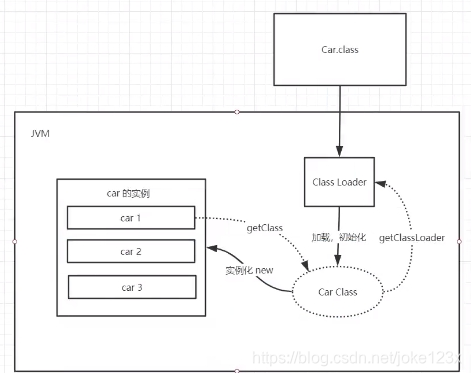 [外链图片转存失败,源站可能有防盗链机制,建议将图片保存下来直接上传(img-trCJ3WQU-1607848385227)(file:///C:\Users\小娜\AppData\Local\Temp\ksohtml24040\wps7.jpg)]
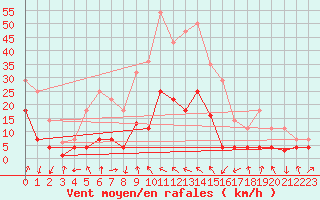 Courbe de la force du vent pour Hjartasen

━━━━━━━━

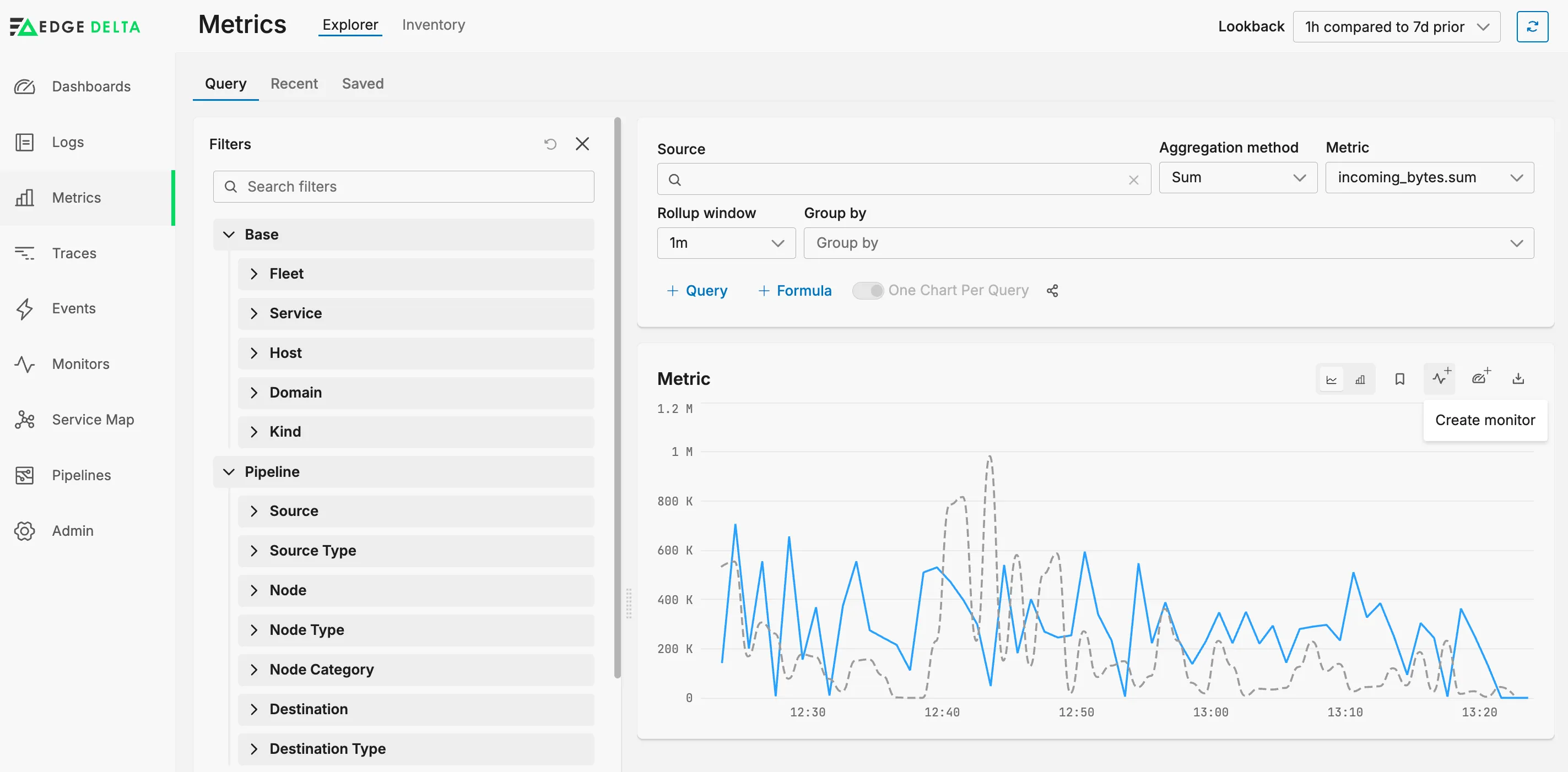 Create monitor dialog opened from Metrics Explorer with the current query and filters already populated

━━━━━━━━

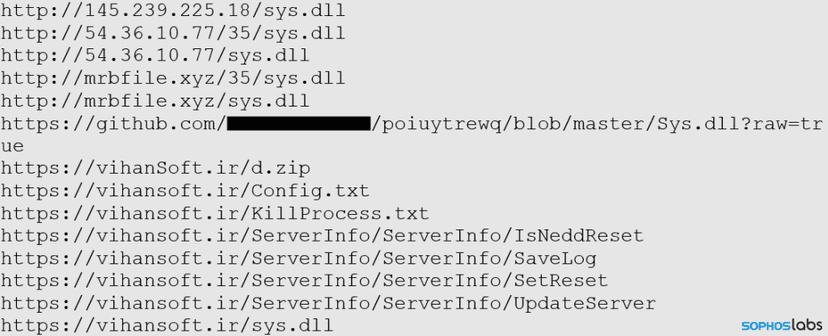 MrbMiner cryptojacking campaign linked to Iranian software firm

━━━━━━━━

§ Exercise directions: Leaving out all pictures, set down exactly the lines of the material above, from the line with "[外链图片转存失败,源站可能" to the line with "Courbe de la force du vent pour Hjartasen" inclusive, and no others.

§ Response below:
 [外链图片转存失败,源站可能有防盗链机制,建议将图片保存下来直接上传(img-trCJ3WQU-1607848385227)(file:///C:\Users\小娜\AppData\Local\Temp\ksohtml24040\wps7.jpg)]
 Courbe de la force du vent pour Hjartasen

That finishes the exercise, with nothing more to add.